[Supplied records]
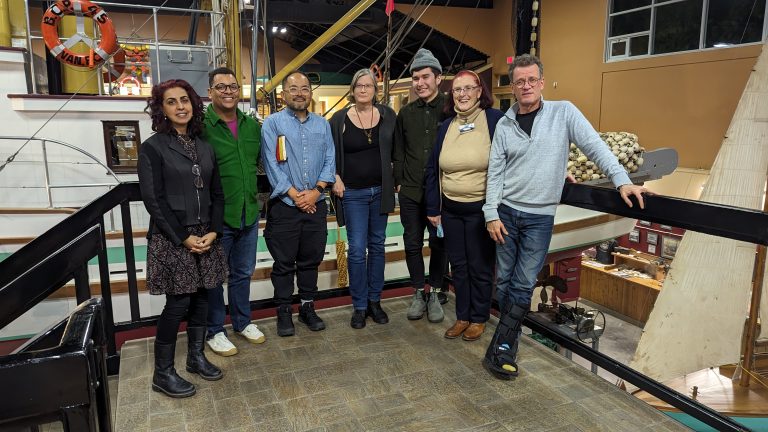 Seven people stand together indoors on a balcony, smiling at the camera. Behind them are nautical displays, ropes, and a large lifesaver labeled “B.C. Coast Vance.”.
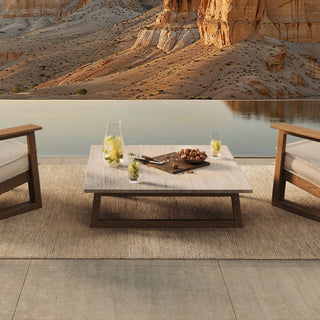 Tan Guor Desert patio with table, drinks, and mountain view.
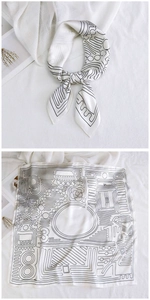 Detail of a square silk scarf with black hand-drawn floral patterns and '31' print on white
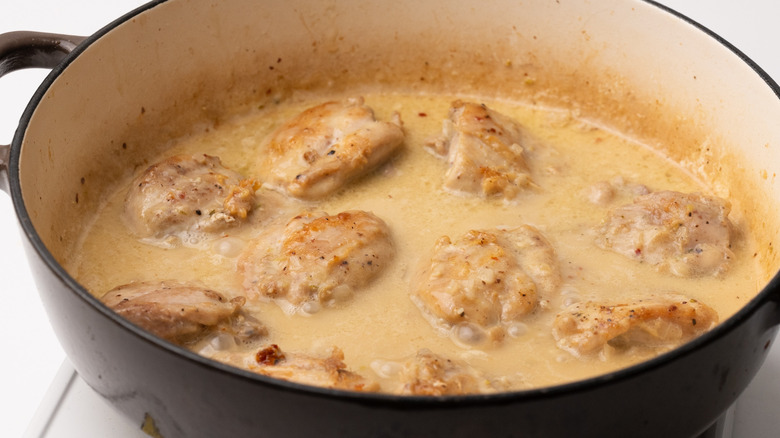 chicken simmering in coconut sauce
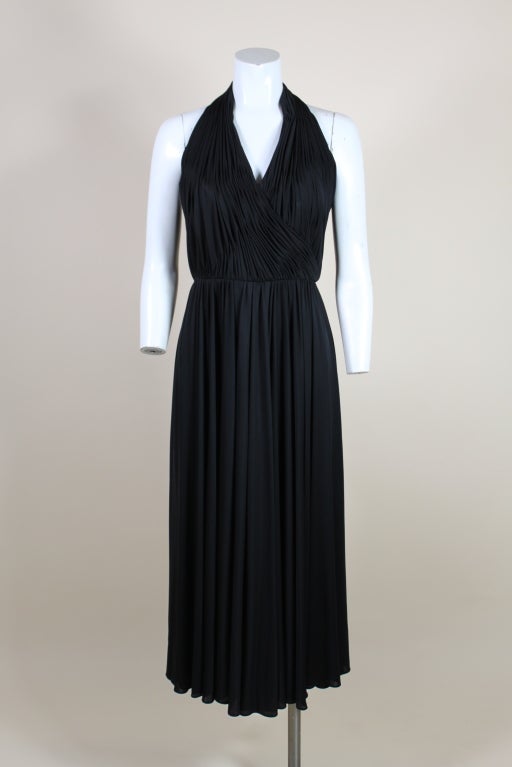Fabulous halter dress from Victor Costa is made from slinky jersey gathered into fine hand tacked pleats. Swingy skirt hits below the knee. Back zipper. <br />
<br />
Measurements-<br />
<br />
Bust: 34
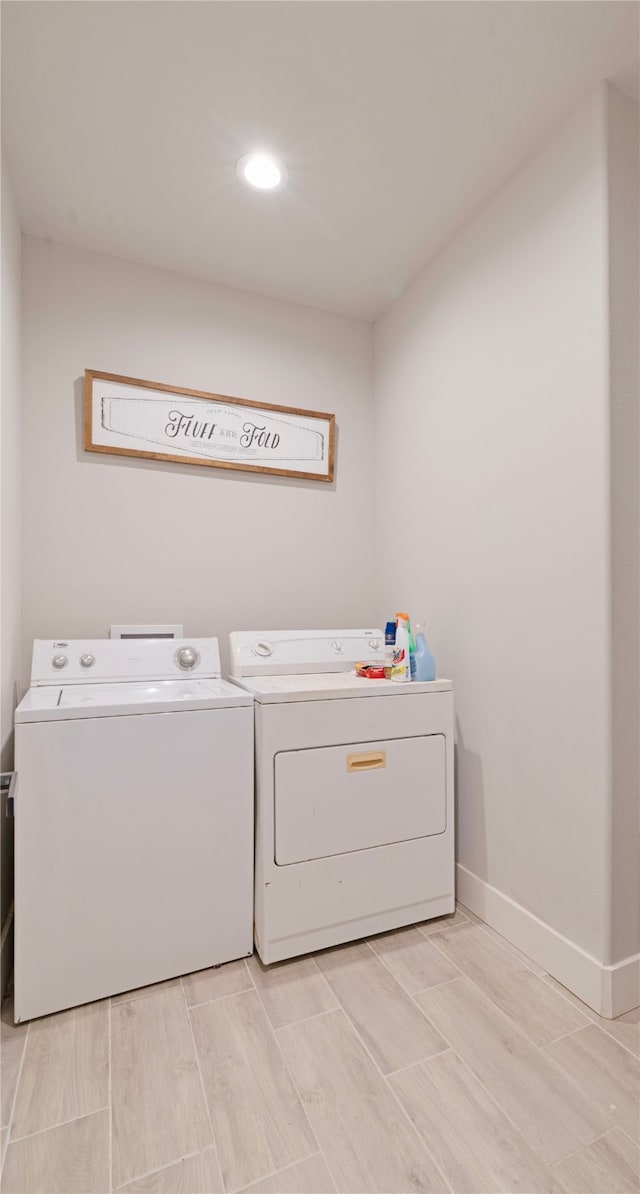 laundry area featuring baseboards, wood tiled floor, laundry area, and washer and clothes dryer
[/Supplied records]
● **Work request**
Leave the pictures aside and give every entry above again word for word.

● **Solution**
 Seven people stand together indoors on a balcony, smiling at the camera. Behind them are nautical displays, ropes, and a large lifesaver labeled “B.C. Coast Vance.”.
 Tan Guor Desert patio with table, drinks, and mountain view.
 Detail of a square silk scarf with black hand-drawn floral patterns and '31' print on white
 chicken simmering in coconut sauce
Fabulous halter dress from Victor Costa is made from slinky jersey gathered into fine hand tacked pleats. Swingy skirt hits below the knee. Back zipper. <br />
<br />
Measurements-<br />
<br />
Bust: 34
 laundry area featuring baseboards, wood tiled floor, laundry area, and washer and clothes dryer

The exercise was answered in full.